Die Tschonhar-Brücke – auf Russisch Tschongar-Brücke – ist eine von drei Anfahrtsrouten von der Krim ins nördlicher gelegene und ebenfalls zu Teilen okkupierte Gebiet Cherson. Die Brücke, auch Tor zur Krim genannt, ist Teil einer Straße, die vom russischen Militär genutzt wird, um sich zwischen der Krim und anderen von Russland besetzten Teilen der Ukraine zu bewegen.

Für Moskau ist es strategisch wichtig, das Gebiet vom Westen des Asowschen Meeres bis zum Ostufer des Flusses Dnipro (Russisch Dnjepr) zu kontrollieren, sodass die Krim nicht abgeschnitten vom direkten Zugang zu Russland ist. Würde die Ukraine diese Verbindungen zerstören, könnte das für sie von Vorteil sein, um die Halbinsel zurückzuerobern oder dies als Druckmittel für mögliche Verhandlungen nutzen.

Aus russischer Sicht haben die Ukrainer ihre Gegenoffensive in den russisch besetzten Gebiete reduziert und sind derzeit dabei, ihren Truppen “neu zu gruppieren”. Zuvor hätten Kiews Truppen “bedeutende Verluste erlitten”, sagte der russische Verteidigungsminister Sergej Schoigu am Donnerstag staatlichen Nachrichtenagenturen zufolge bei einem Treffen des Nationalen Sicherheitsrats.
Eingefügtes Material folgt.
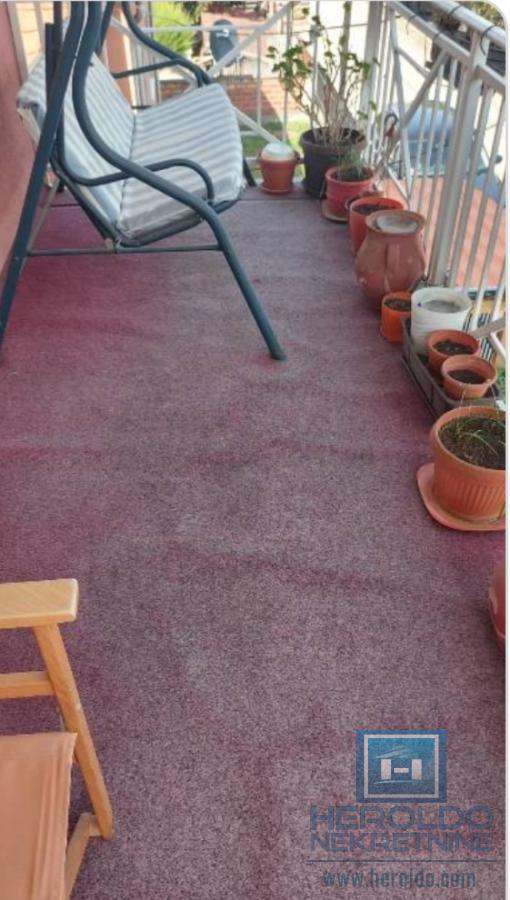 Kuća sa 4 zasebna stana kod Akva parka 35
“Nachdem der Feind in den vergangenen 16 Tagen aktiv Kampfhandlungen vorgenommen und dabei bedeutende Verluste erlitten hat, hat er seine Aktivitäten reduziert und ist dabei, sich neu zu gruppieren”, sagte Schoigu. Er gab zudem an, dass die militärische Unterstützung des Westens für die Ukraine auf dem Schlachtfeld nicht ins Gewicht falle – obwohl Moskau zuvor immer betont hatte, dass die Waffenlieferungen den Konflikt unnötig verlängerten. “Wir sehen dadurch keine Bedrohung, vor allem weil wir Reserven bilden”, sagte der Verteidigungsminister mit Blick auf die westlichen Waffenlieferungen.

Der Chef der russischen Privatarmee Wagner, Jewgeni Prigoschin, hat Russlands Militärführung indes Lügen und das Verschweigen von Fakten über die Lage an der Front vorgeworfen. Verteidigungsminister Schoigu und Generalstabschef Waleri Gerassimow tischten Präsident Wladimir Putin “Blödsinn” auf, sagte Prigoschin in einer am Donnerstag veröffentlichen Sprachnachricht bei Telegram.